* _WHAT IS BEING ASKED_
Every record below must be returned word for word, with the pictures left out.
(EXERCISE INPUTS Opens)
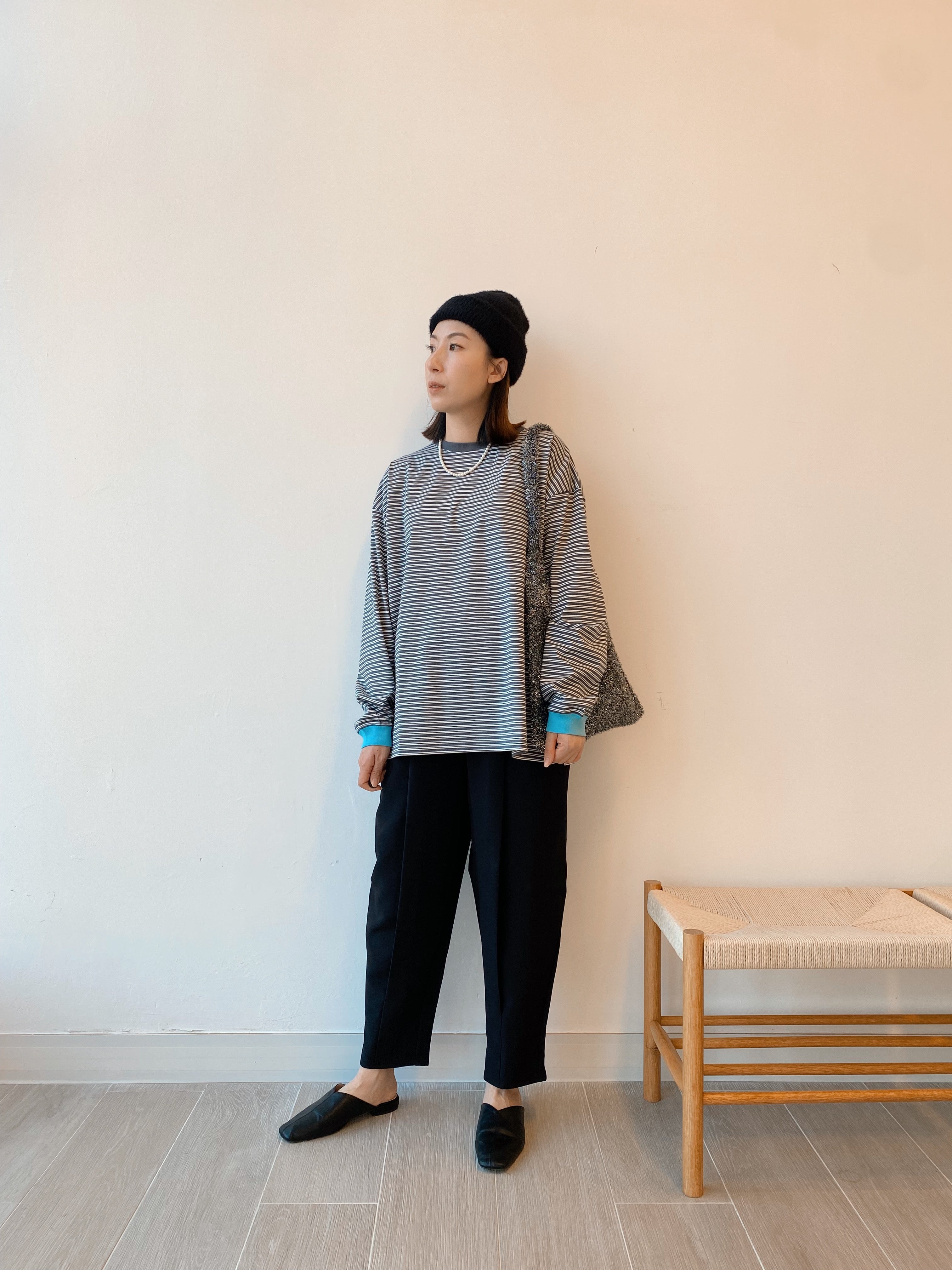 [11.11優惠]中性傭懶條子Tee/2色
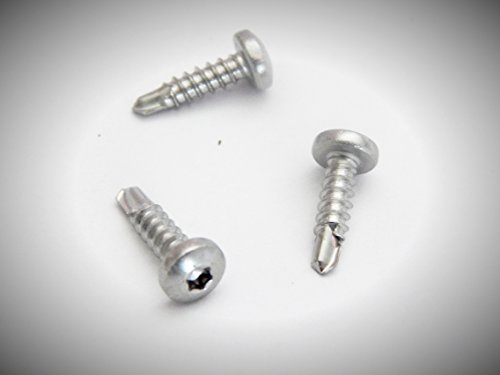 100 Stück Bohrschrauben 4,2x13 mm Edelstahl A2 mit Linsenkopf selbstschneidend DIN 7504 M TX 20 von Lederer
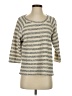 Lucky Brand 100% Cotton Stripes Ivory Pullover Sweater Size S - photo 1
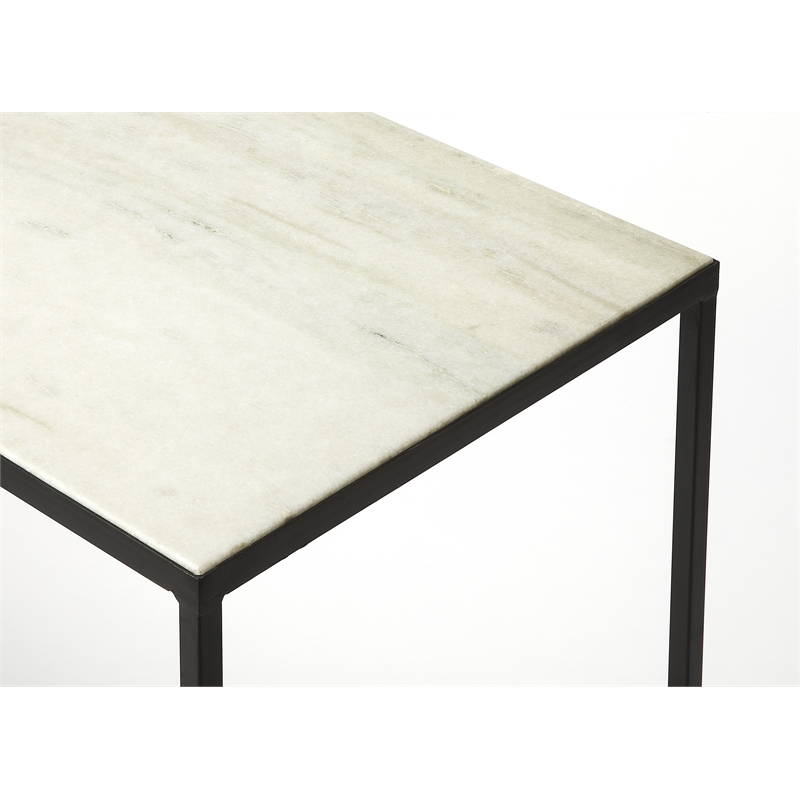 Butler Specialty Phinney Marble And Metal Console Table In Brown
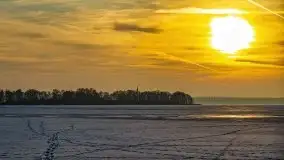 Zachód słońca nad jeziorem Niegocin, luty 2021 - zdjęcie 35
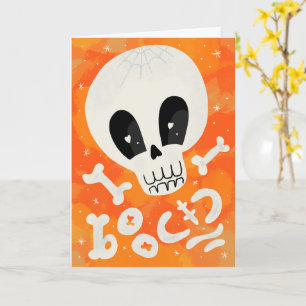 Niedliches Halloween-Skull-Knochen-Design Karte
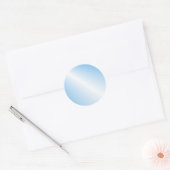 Lege Sjabloon Aangepast rendement Elegant Blauwe K Ronde Sticker (Envelop)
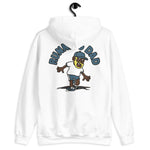 Running Blond Hair Dark Skin Tone No-Glasses Beard Dad Hoodie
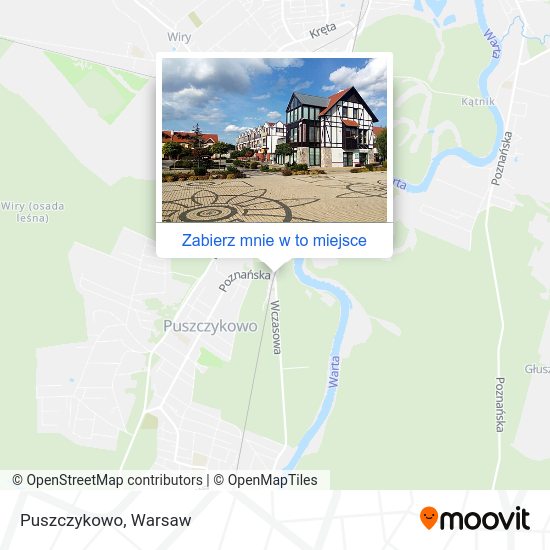 Mapa Puszczykowo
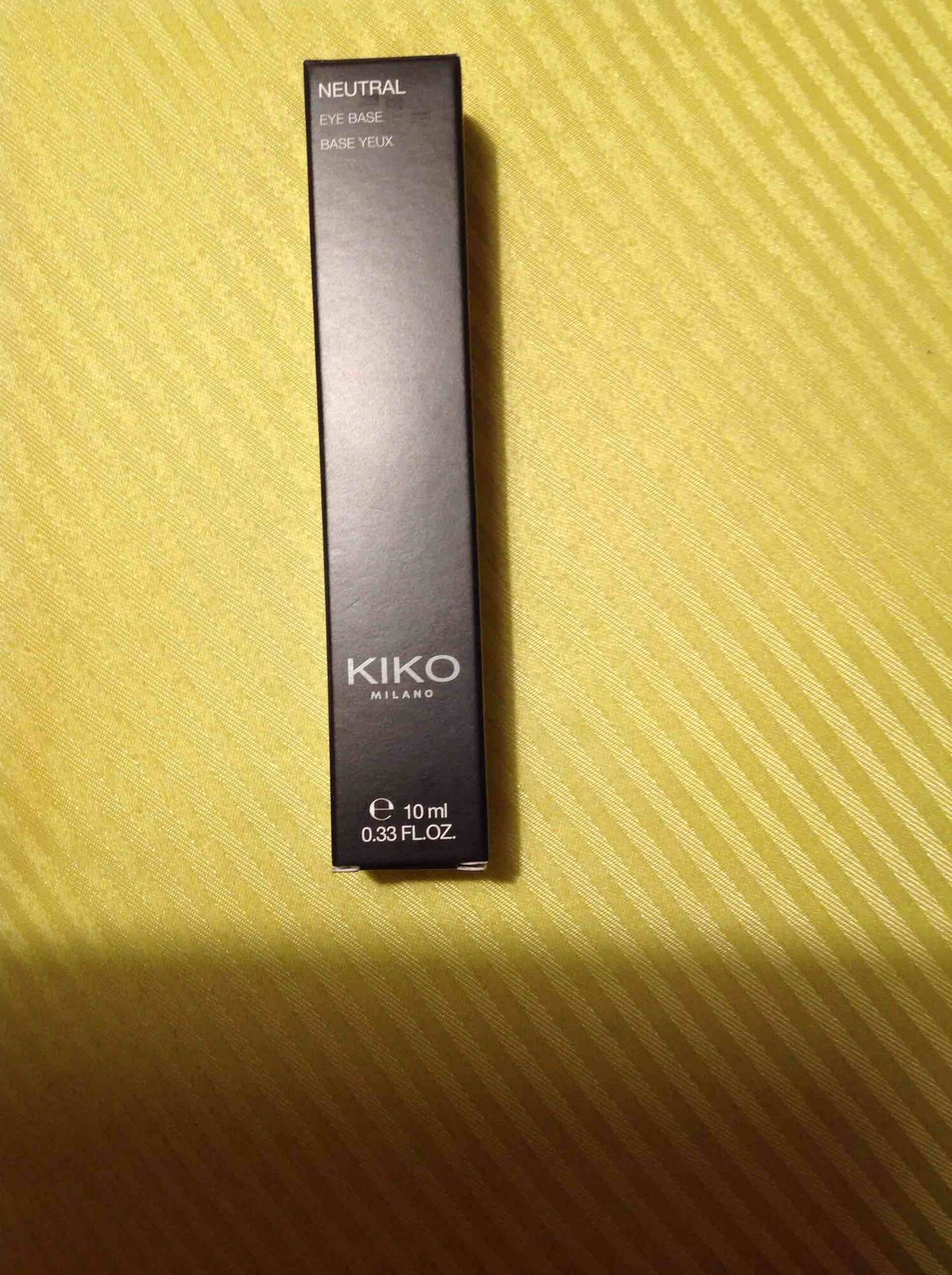 KIKO - Neutral - Base yeux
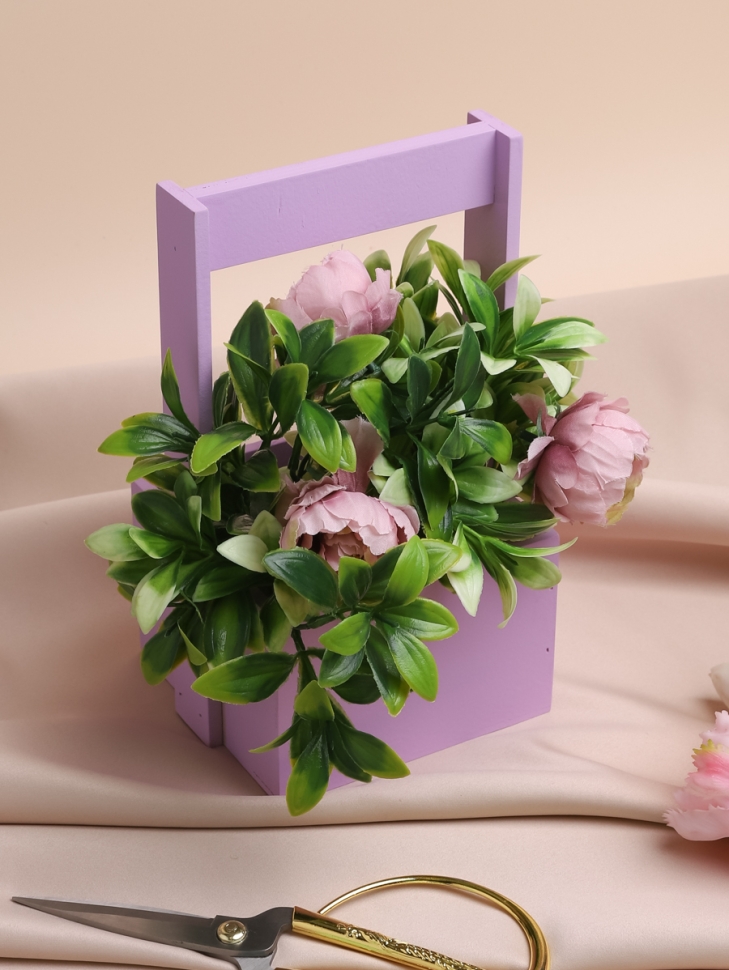 Ящик Флора H23/8,3х12,5см № 2 сиреневый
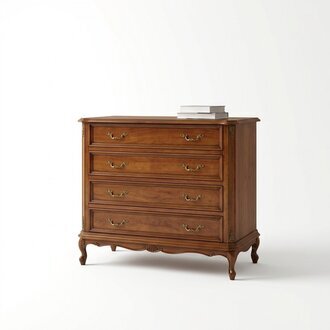 Design Möbel Stil Barock Kleine Kommode Braun Luxus Holz Italienische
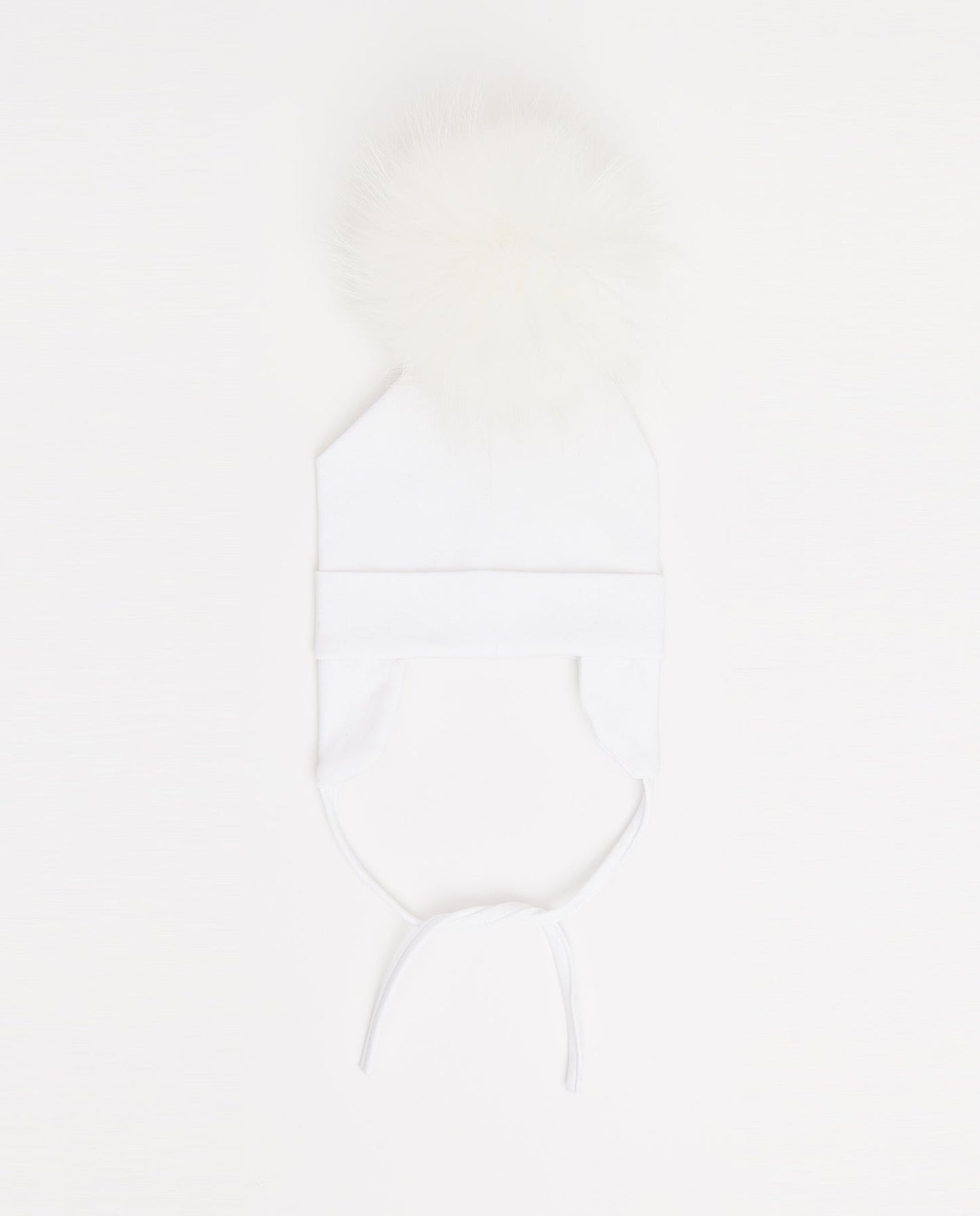 Tuque Bébé Coton Blanc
(EXERCISE INPUTS Closes)
* _WORKED SOLUTION_
 [11.11優惠]中性傭懶條子Tee/2色
 100 Stück Bohrschrauben 4,2x13 mm Edelstahl A2 mit Linsenkopf selbstschneidend DIN 7504 M TX 20 von Lederer
 Lucky Brand 100% Cotton Stripes Ivory Pullover Sweater Size S - photo 1
 Butler Specialty Phinney Marble And Metal Console Table In Brown
 Zachód słońca nad jeziorem Niegocin, luty 2021 - zdjęcie 35
 Niedliches Halloween-Skull-Knochen-Design Karte
 Lege Sjabloon Aangepast rendement Elegant Blauwe K Ronde Sticker (Envelop)
 Running Blond Hair Dark Skin Tone No-Glasses Beard Dad Hoodie
 Mapa Puszczykowo
 KIKO - Neutral - Base yeux
 Ящик Флора H23/8,3х12,5см № 2 сиреневый
 Design Möbel Stil Barock Kleine Kommode Braun Luxus Holz Italienische
 Tuque Bébé Coton Blanc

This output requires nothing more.